'''
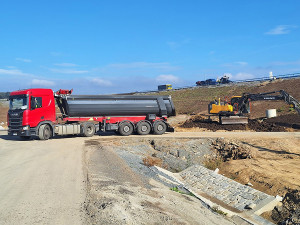 VIDEO: Nový EXIT na D35 u Olomouce míří k otevření, rondel u Globusu znovu ožije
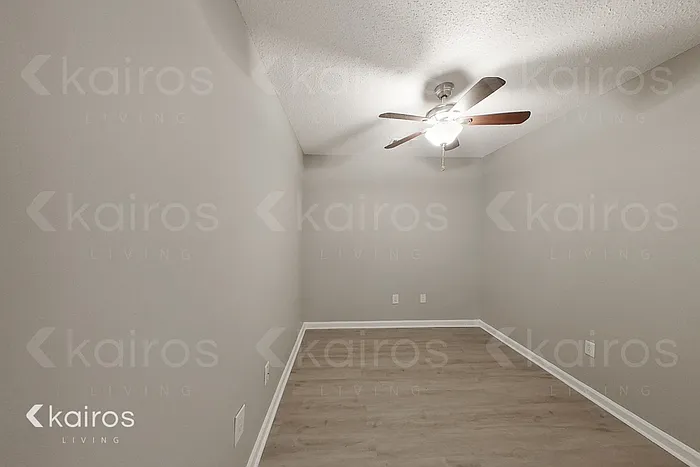 334 Amanda Dr — Photo 16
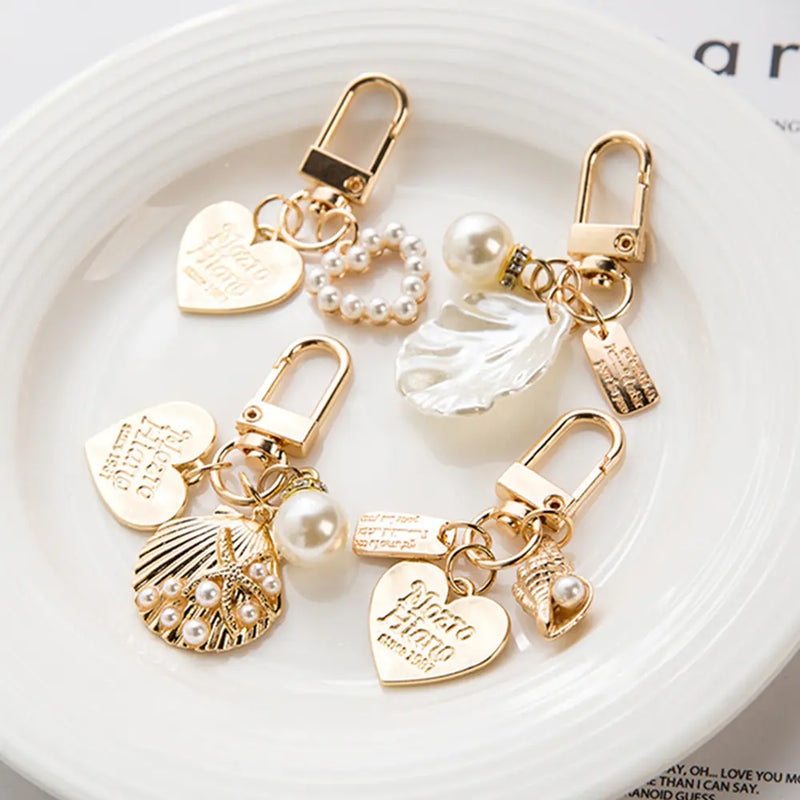 Elegant Peach Heart Shell Pendant Key Chain with Pearl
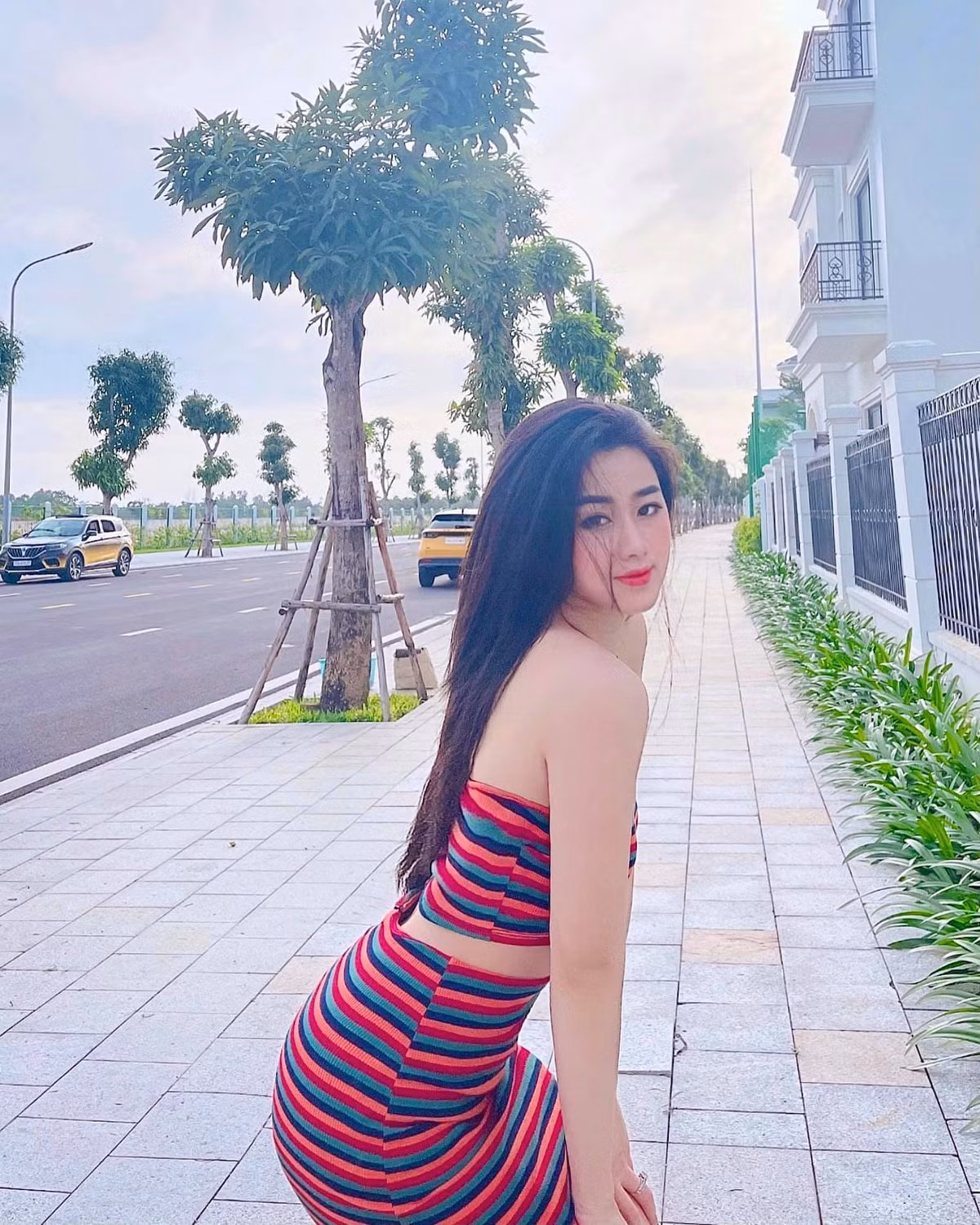 Ở ngoài đời thường, nữ MC thể thao sở hữu thân hình nuột nà, gợi cảm.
'''
Word-for-word restatement: every line from the one with "334 Amanda Dr — Photo 16" through the final line of the data, both ends included, pictures excluded.

SOLUTION TO THE EXERCISE ▸
 334 Amanda Dr — Photo 16
 Elegant Peach Heart Shell Pendant Key Chain with Pearl
 Ở ngoài đời thường, nữ MC thể thao sở hữu thân hình nuột nà, gợi cảm.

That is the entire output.